What is needed:
Apart from the pictures, every entry below should be repeated exactly.

Given entries:
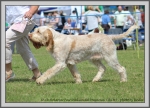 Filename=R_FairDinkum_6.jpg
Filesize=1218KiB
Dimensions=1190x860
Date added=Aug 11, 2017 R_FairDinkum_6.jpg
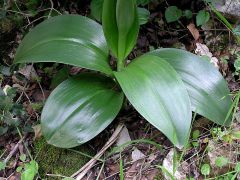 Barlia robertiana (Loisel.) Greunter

Completed task:
 Filename=R_FairDinkum_6.jpg
Filesize=1218KiB
Dimensions=1190x860
Date added=Aug 11, 2017 R_FairDinkum_6.jpg
 Barlia robertiana (Loisel.) Greunter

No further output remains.